Standard TRG uses SVD to split tensors. The author introduces a Symmetric SVD based on the Eigendecomposition (ED) for tensors satisfying diagonal reflection symmetry.

Instead of standard SVD, the tensor is treated as a symmetric matrix along the reflection axis.
The decomposition yields a diagonal matrix of eigenvalues ( $\Lambda$ ) and eigenvectors ( $v$ ).
The sign of the eigenvalues is extracted into a new bond matrix $\sigma'$ , while the absolute values are distributed to the tensors.
Key Theorem: This splitting naturally preserves the "weak form" of lattice symmetries and ensures the resulting 3-leg tensors satisfy a specific "SWAP-gauge" symmetry property.

C. Loop Optimization with Symmetry Constraints

To reduce truncation errors (Entanglement Filtering), the author integrates Loop Optimization (from Loop-TNR) into the symmetric TRG framework.

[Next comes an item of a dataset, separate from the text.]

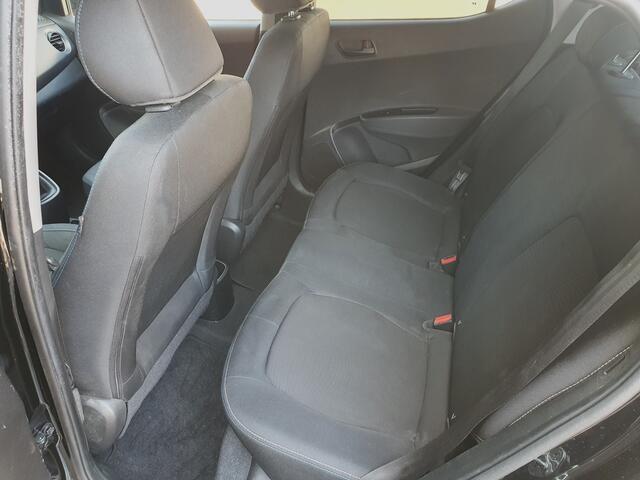 Hyundai I 10 1.0i i-Motion Go! 2016 |Cruise control|NAVI|Airco|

Challenge: Standard loop optimization updates tensors in a series, which breaks lattice rotation/reflection symmetries.
Solution: The optimization is performed on a "redundant entanglement" loop (Corner-Double Line, CDL) using a specific update rule derived from the Full Environment Truncation (FET) framework.
Initialization: The symmetric SVD provides a high-quality initialization for the loop optimization, ensuring the CDL structure is filtered out efficiently without breaking the underlying symmetries.
Algorithm: The RG step involves: (1) Rotation trick to align tensors, (2) Symmetric SVD splitting, (3) Loop optimization of the 3-leg tensor, and (4) Recombination.

3. Key Contributions

Formal Definition of Symmetries in Coarse-Grained Tensors: The paper defines "Weak" and "Strong" forms of lattice symmetries for coarse-grained tensors and proves that the proposed RG transformation preserves and imposes the Strong form.
Symmetric SVD Splitting: A new decomposition technique that respects lattice reflection/rotation symmetries and naturally generates the necessary bond matrices ( $\sigma$ ) without introducing complex numbers for real-valued systems.
Symmetry-Preserving Loop Optimization: The first EF-enhanced TNRG scheme that explicitly incorporates lattice and $\mathcal{PT}$ symmetries. It resolves the issue where standard EF methods destabilize SSB fixed points.
Handling Non-Unitary CFTs: The method is successfully applied to the Yang-Lee edge singularity (a non-unitary Conformal Field Theory with $c = -22/5$ ), demonstrating that EF can effectively control RG errors even when the standard entanglement area law arguments fail.

4. Results

The method was tested on the 1NN hard-square model at bond dimensions $\chi$ ranging from 6 to 50.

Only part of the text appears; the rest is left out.